Output each line of the data below exactly, omitting any image.

=== Available data ===

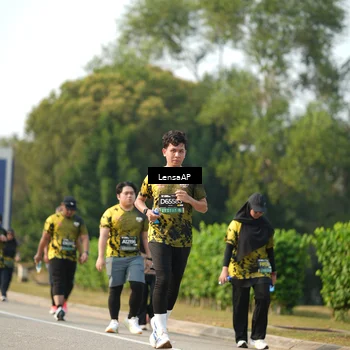 Runner Photo 6276003
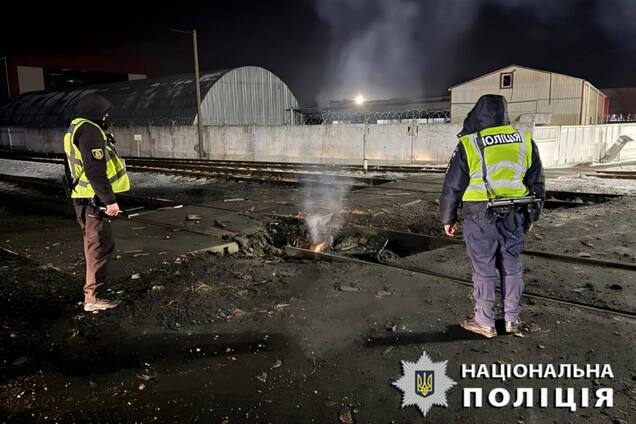 Росіяни атакували Київщину 'Шахедами': у Бориспільському районі загинув залізничник, у столиці спалахнула пожежа. Фото й відео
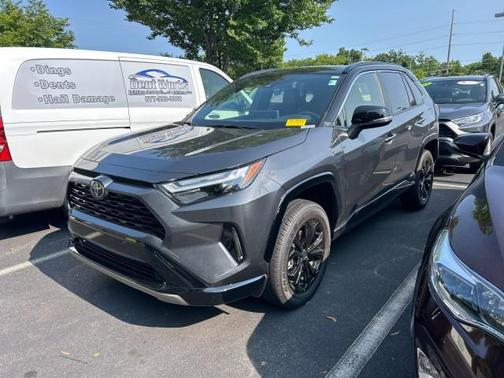 2025 Toyota RAV4 Hybrid SE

===

_Response to this exercise_:
 Runner Photo 6276003
 Росіяни атакували Київщину 'Шахедами': у Бориспільському районі загинув залізничник, у столиці спалахнула пожежа. Фото й відео
 2025 Toyota RAV4 Hybrid SE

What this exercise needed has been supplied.